Records shown:
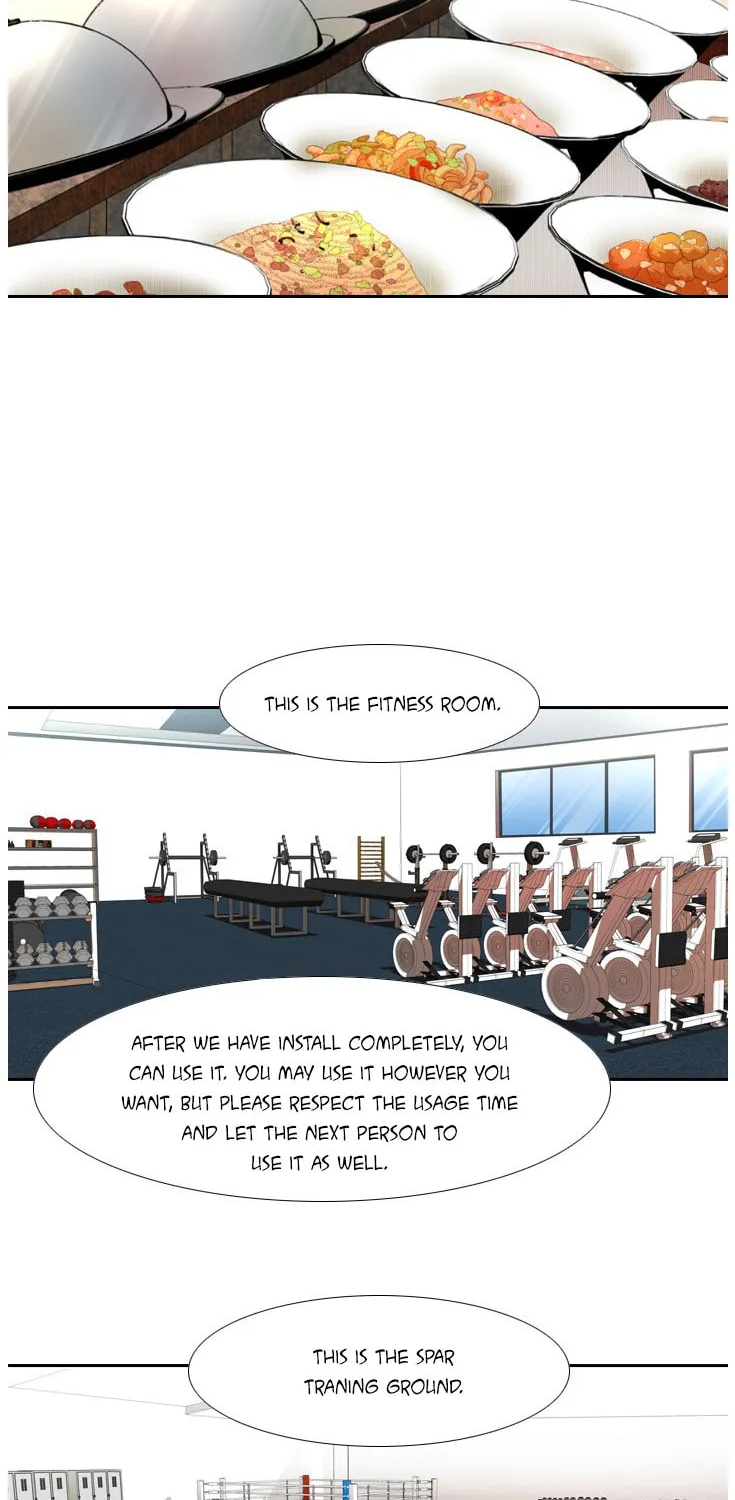 Read Shark chapter 139 image 54 on Lezhin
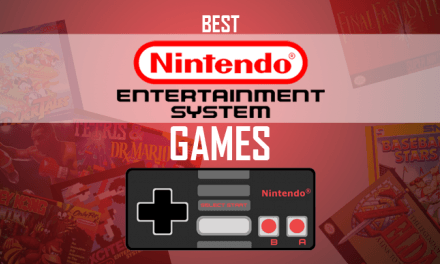 The best NES games of all time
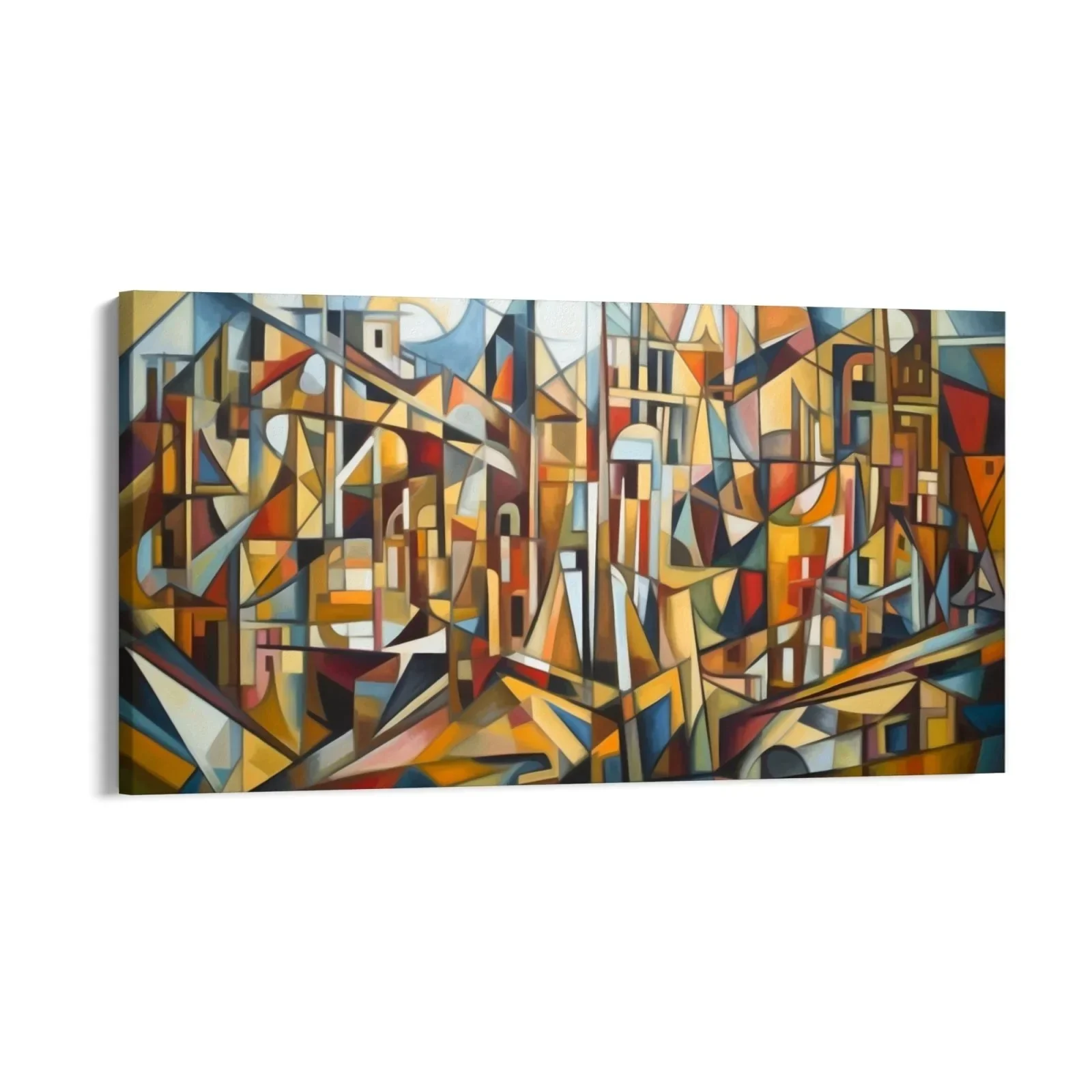 Mosaico urbano - Image 8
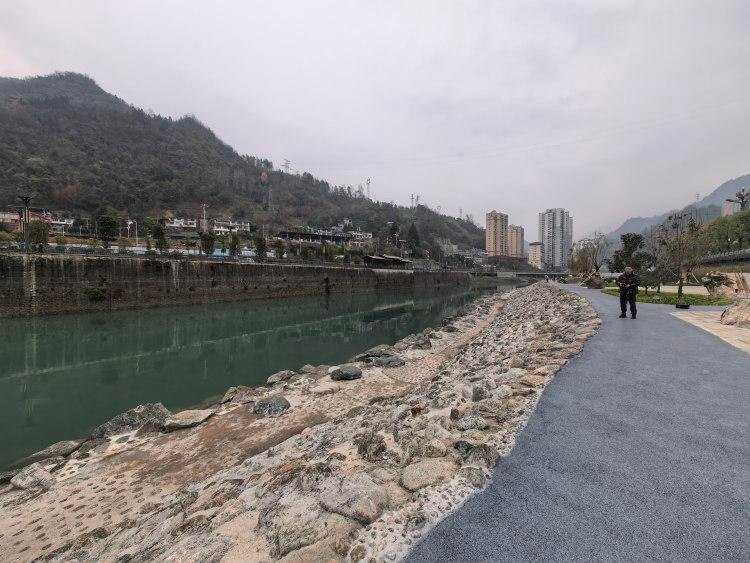 南水北调十周年：20亿立方米清水北上，任河流域跨区域联防联控协议签订  第3张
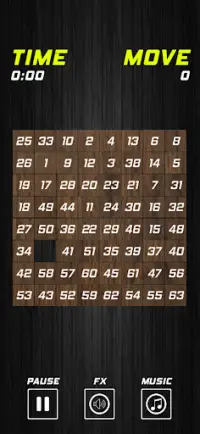 Numpez: Number Block Puzzle Screen Shot 6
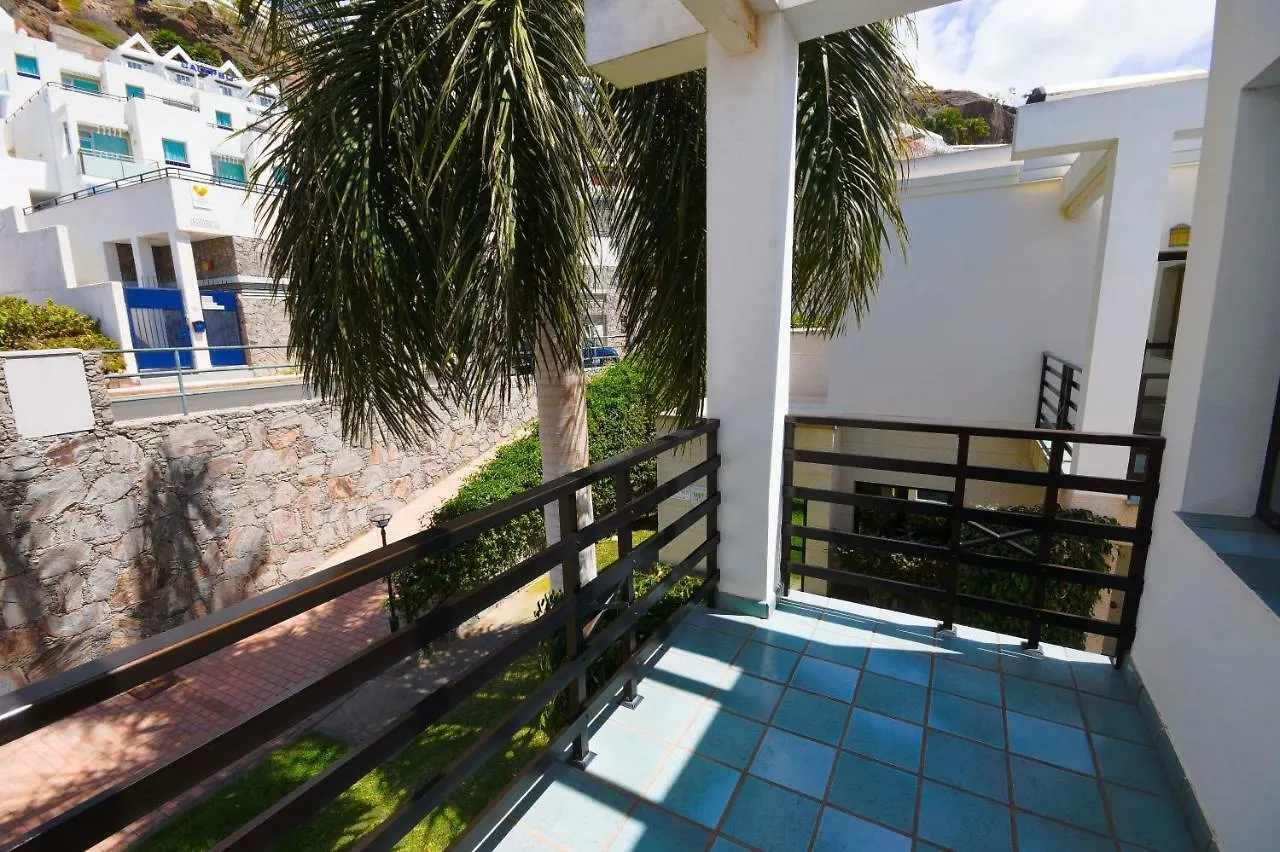 Sunshine Beach Villas Puerto Rico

Activity:
Please repeat the data above exactly as it appears, pictures excluded.

Answer space:
 Read Shark chapter 139 image 54 on Lezhin
 The best NES games of all time
 Mosaico urbano - Image 8
 南水北调十周年：20亿立方米清水北上，任河流域跨区域联防联控协议签订  第3张
 Numpez: Number Block Puzzle Screen Shot 6
 Sunshine Beach Villas Puerto Rico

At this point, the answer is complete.